For part of his short life, Lanza was a cultural anarchist. He believed that culture was imposed on people during childhood, by a process that he called “bullying”. There is some truth to that view. Norms of belief and behavior are imposed on children by a combination of censorship, indoctrination and incentives. Children are not “free” to develop their “own” beliefs, behaviors and identities. Instead, they have beliefs and behaviors imposed on them, and their identities are shaped by the social environment.

However, Lanza’s critique of culture was one-sided and naive. He did not appreciate the importance of culture: that we depend on it to survive. He also believed in an idealized pre-cultural version of human nature, which he called the “feral self”. The truth is that humans have always had culture (long before Homo sapiens), and we depend on it to survive. We might even depend on culture simply to think, and to be sane. Lanza saw only the dark side of culture, and he had a mythical notion of human nature in the absence of culture.

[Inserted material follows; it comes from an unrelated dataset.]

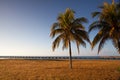 On the beach Playa Giron, Cuba. Royalty Free Stock Photo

To some extent, I can relate to Lanza’s rejection of culture. When I was young, I was very critical of culture. I didn’t reject it entirely, but I believed that there was too much of it. I wanted society to be based more on rationality, and less on conformity and obedience. I rejected big cultural lies, such as religion and morality. I resented arbitrary norms of social interaction. I saw culture as a major source of irrationality and dishonesty.

Lanza’s cultural anarchism evolved into a deeper type of anarchism. He came to view life and value in the same way that he had viewed culture.

This got me thinking about “anarchism” in a more general sense, as the demand to be liberated from some type of control.

We can define different types of anarchism that correspond to different types of control, and thus to different types of freedom:

  • Social anarchism: Freedom from some aspect of society, such as the state or the market.
  • Cultural anarchism: Freedom from some aspect of culture, or from culture entirely.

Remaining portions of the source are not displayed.